Components and tube sockets are mounted on a single dual-sided, mil-spec-copper circuit board laid out using CAD/CAM software. The laser-cut steel chassis is, variously, 4mm and 5mm thick and is available in black or silver finish. The tubes protrude through a PCB protector of tinted acrylic, and the black-enameled tube cage has tasteful chromed accents. The overall construction quality appears to be high. In fact, the Baldur 70 exudes a jewel-like precision and an aura of luxury commensurate with its price of $7200/pair. (Importer Elite Audio says that price may soon rise.)
To operate the Baldur 70, you throw the Power switch and wait 15 minutes for the tube filaments to warm up. Then you flip the Operate switch. If you listen to music daily, AudioValve recommends you leave the power on and the Baldur in Standby when it's not in use. If you're not going to listen for a few days, shut it off completely.
How many watts are enough?
I once wrote that reviewing tube amps for Stereophile is like appearing on stage with your pants down. You can like what you hear and rave about it, only to then read John Atkinson's measurements and find that the amp's power output is far lower than claimed, and its distortion specs far higher. Some tube amps measure so poorly, especially in terms of linearity, that the magazine's "measuring entity" is moved to call them "expensive tone controls"—and not without justification.
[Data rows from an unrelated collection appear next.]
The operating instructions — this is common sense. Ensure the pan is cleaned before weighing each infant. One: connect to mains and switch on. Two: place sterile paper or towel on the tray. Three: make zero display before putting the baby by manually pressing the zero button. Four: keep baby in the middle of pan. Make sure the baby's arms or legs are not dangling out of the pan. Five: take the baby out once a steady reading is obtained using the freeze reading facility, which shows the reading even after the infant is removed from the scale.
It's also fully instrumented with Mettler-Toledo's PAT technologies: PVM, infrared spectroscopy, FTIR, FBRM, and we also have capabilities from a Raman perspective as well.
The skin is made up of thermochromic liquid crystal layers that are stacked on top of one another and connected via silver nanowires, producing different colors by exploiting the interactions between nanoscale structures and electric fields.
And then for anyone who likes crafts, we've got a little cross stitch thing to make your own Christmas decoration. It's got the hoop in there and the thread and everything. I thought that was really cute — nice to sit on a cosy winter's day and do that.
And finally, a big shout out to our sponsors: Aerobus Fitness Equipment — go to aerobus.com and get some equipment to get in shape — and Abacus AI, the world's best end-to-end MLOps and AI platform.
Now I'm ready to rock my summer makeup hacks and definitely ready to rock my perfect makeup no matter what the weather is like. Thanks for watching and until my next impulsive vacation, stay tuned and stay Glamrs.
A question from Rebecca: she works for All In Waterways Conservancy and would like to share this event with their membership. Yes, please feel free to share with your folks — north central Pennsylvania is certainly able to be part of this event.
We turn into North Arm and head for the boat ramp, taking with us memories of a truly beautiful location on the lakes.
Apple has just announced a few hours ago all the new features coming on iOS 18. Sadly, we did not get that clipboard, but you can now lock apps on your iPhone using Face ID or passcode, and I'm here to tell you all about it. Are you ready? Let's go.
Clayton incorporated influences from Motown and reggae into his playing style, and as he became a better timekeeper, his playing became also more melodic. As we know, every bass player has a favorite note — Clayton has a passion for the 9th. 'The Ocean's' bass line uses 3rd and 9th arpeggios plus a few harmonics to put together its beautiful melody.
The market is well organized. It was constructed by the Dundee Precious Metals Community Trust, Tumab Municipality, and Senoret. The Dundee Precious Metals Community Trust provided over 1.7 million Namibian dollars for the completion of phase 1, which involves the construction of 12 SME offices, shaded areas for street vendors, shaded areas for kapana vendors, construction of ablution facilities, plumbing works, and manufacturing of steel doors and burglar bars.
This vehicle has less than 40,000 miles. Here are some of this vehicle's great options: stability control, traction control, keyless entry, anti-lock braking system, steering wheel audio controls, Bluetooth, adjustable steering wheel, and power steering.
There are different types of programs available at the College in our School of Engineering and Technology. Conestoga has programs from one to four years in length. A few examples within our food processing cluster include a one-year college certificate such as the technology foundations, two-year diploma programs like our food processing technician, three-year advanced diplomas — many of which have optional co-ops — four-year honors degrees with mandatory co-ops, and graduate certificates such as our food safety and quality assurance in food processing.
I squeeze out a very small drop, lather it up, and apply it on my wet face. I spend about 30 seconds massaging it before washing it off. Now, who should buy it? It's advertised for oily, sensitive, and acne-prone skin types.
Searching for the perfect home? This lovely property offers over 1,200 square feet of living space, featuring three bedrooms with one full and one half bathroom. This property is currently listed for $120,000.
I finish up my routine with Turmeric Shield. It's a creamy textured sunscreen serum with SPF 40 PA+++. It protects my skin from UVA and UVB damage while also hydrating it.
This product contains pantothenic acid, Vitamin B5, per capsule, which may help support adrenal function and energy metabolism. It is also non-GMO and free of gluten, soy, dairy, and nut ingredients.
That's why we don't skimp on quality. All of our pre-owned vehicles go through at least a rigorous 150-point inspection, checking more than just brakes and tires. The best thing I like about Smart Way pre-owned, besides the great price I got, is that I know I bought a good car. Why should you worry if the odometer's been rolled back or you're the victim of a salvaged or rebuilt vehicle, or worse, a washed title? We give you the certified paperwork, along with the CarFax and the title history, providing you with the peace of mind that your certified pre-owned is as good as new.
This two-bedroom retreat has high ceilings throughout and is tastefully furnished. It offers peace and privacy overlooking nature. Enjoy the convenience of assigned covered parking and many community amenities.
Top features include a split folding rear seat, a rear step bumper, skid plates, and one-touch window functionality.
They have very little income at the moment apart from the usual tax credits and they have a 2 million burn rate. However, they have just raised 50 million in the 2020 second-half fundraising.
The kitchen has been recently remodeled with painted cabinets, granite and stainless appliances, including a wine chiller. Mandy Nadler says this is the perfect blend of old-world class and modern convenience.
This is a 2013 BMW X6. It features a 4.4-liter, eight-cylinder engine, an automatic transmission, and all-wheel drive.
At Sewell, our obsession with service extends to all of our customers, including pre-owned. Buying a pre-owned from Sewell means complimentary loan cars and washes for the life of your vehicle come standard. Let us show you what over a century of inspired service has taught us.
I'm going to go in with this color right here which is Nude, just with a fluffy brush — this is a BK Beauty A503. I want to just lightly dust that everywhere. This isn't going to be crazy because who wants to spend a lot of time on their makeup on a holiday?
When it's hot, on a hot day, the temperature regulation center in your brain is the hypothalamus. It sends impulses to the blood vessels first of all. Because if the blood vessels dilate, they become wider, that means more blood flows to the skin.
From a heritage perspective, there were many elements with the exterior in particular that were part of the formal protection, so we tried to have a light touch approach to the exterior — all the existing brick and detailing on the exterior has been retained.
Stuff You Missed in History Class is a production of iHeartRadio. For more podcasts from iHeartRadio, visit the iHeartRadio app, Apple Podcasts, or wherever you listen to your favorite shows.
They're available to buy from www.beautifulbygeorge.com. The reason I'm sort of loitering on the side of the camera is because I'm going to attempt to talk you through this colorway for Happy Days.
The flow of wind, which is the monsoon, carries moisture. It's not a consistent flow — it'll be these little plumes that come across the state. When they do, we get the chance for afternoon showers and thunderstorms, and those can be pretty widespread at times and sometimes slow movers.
Tube amps tend to sound louder than solid-state for a given power output, but going from +1500Wpc down to 70Wpc does take some getting used to. Fortunately, I keep on hand a reasonably priced ($3450), 100Wpc tube amp I bought a while back—a Music Reference RM-200—as a more comparable point of reference for tube designs.
Driving a pair of Wilson Audio Specialties WATT/Puppy 7 loudspeakers, the Baldur 70s produced a somewhat compact soundstage that was usually well focused for a tube amp, and on which images appeared tightly sprung, featuring more defined leading edges and sharper transients than I'm used to hearing through tubes.